The pressure tests involve slowly shutting three giant valves on the cap, an 18-foot high, 150,000-pound stack of metal pipes and machinery lowered into place Monday. Pressure readings would then help engineers gauge how severely damaged the blown-out well is, and whether it is leaking in more than one place. They could also give the most precise estimate so far of how much oil is spewing from the seafloor.

But there are dangers. When all the valves are shut, engineers are expecting a spike in pressure that could potentially risk rupturing the whole well.

"Simply shutting the well in and hoping that pressure doesn't rise too much is like playing Russian roulette with five bullets in the gun," the Houston Chronicle quoted analysts with Tudor, Pickering, Holt & Co. Securities, who were speaking to investors.

BP said that the well's steel casing is probably strong enough to withstand the pressure, but that engineers will be at the ready to abort the tests immediately and open the valves if it looks as if they could explode.

"The test has been carefully designed to make sure we don't create a bad situation," BP Senior Vice President Kent Wells said in a telephone briefing with reporters Tuesday afternoon.

The delays come as crude continues to spew into the gulf, with 90.4 million to 178.6 million gallons already in the water by Tuesday night, according to federal estimates reported by several news agencies.

BP did not specify the exact reason for Tuesday's delay on the tests but said on its website that "additional analysis of the well testing procedure should be performed before starting the well integrity test." That analysis was taking place overnight and into today, it said. The decision to hold off on Tuesday's tests was made after a meeting with U.S. Energy Secretary Steven Chu and his team of scientific and industry experts, BP said.

The Obama administration has been careful to hold BP to task on safety measures and believes that lax safety standards in offshore drilling may have contributed to the April 20 explosion aboard the BP-leased Deepwater Horizon rig that unleashed the spill and killed 11 workers. To that end, Interior Secretary Ken Salazar issued a revised moratorium Monday on such drilling, after a federal judge overturned a previous ban.

The new ban was a topic of discussion Tuesday in the second day of talks by a presidential commission meeting in New Orleans to investigate the spill. Commission Co-Chairman William Reilly initially supported the moratorium but has now changed his mind after touring the region and talking with locals and oil company executives and workers. Reilly said Tuesday that he's now prepared to press President Barack Obama and Salazar to adopt new safety and environmental measures but lift the ban, The New York Times reported. The other co-chairman, Bob Graham, also said he thought the moratorium is a burden for the gulf region's economy.
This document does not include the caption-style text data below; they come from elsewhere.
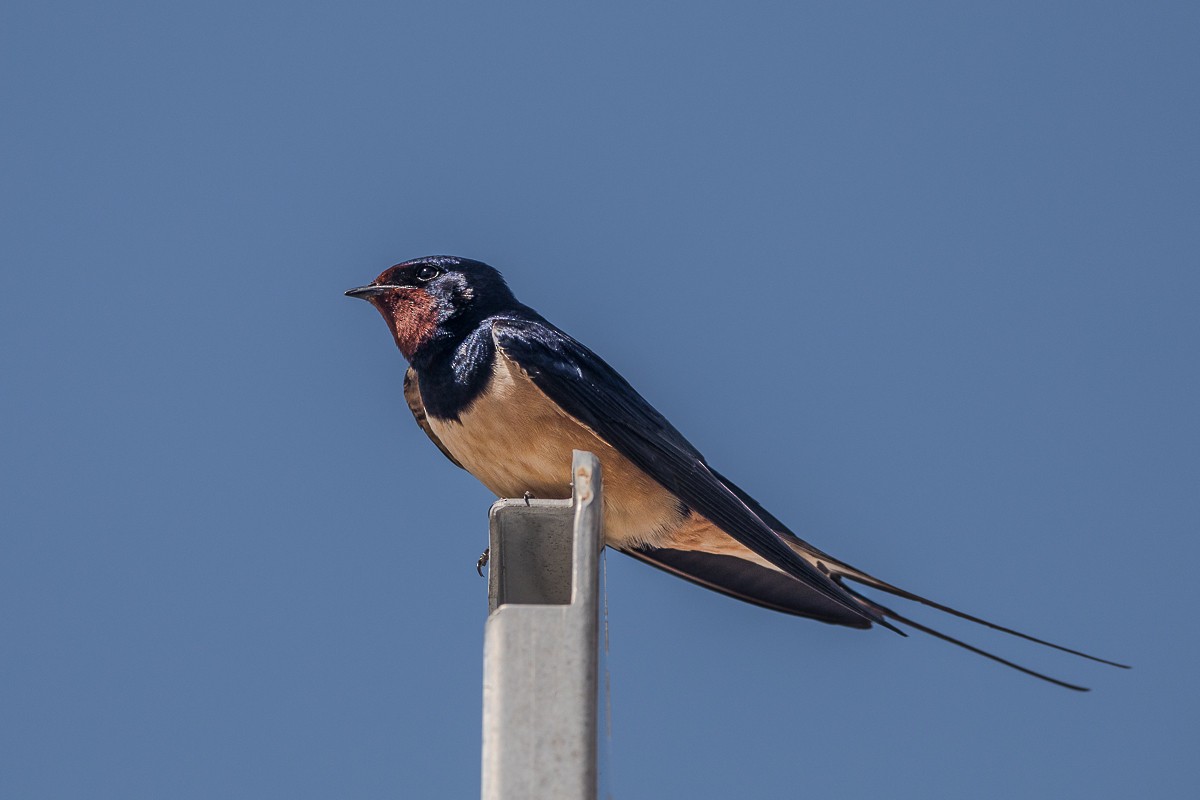 Barn Swallow - ML618949607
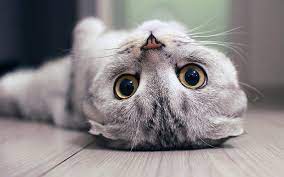 Cute Cats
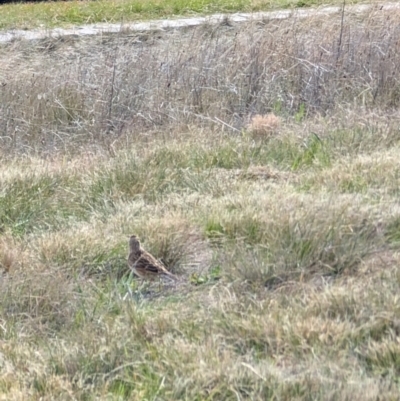 Alauda arvensis (Eurasian Skylark) at Lawson, ACT - 22 Aug 2024 by mroseby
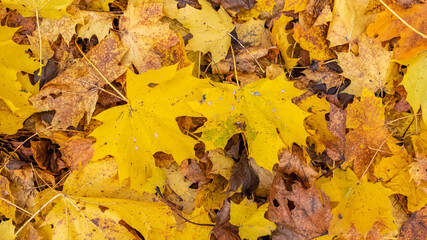 Fallen leaves on the ground in autumn, beautiful background
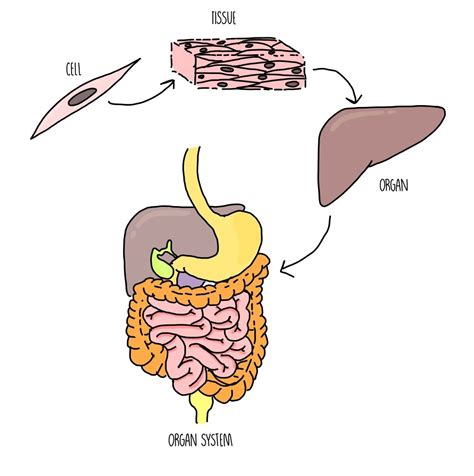 Animal Tissues Organs And Organ Systems — The Science Sauce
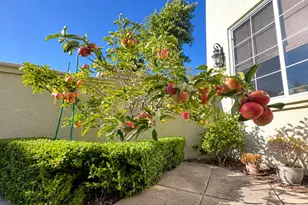 22190 W Lyndon Loop, Castro Valley, CA 94552 - Photo 5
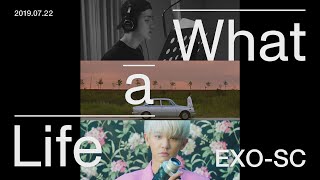 EXOSC 세훈amp찬열 quotWhat a lifequot Triple Title MV Trailer [upl. by Onitselec431]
In Louisiana alone, the offshore oil and natural gas drilling business generates $3 billion a year. Across the Gulf of Mexico, the industry provides tens of thousands of jobs.

Before Tuesday's delay of the well tests, BP engineers ran a seismic survey to map the seafloor, searching for underground pockets of gas or other geographical features that could affect pressure inside the well. But it's unclear what the results were, and whether they were the reason BP decided to postpone the tests.

"It's an incredibly big concern," Don Van Nieuwenhuise, director of Professional Geoscience Programs at the University of Houston, told The Associated Press. "They need to get a scan of where things are. That way, when they do pressure testing, they know to look out for ruptures or changes."

It's a painstaking technical process, for which many Gulf Coast residents have little patience.

"I don't know what's taking them so long. I just hope they take care of it," Lanette Eder, a school nutritionist on vacation in Florida, told the AP.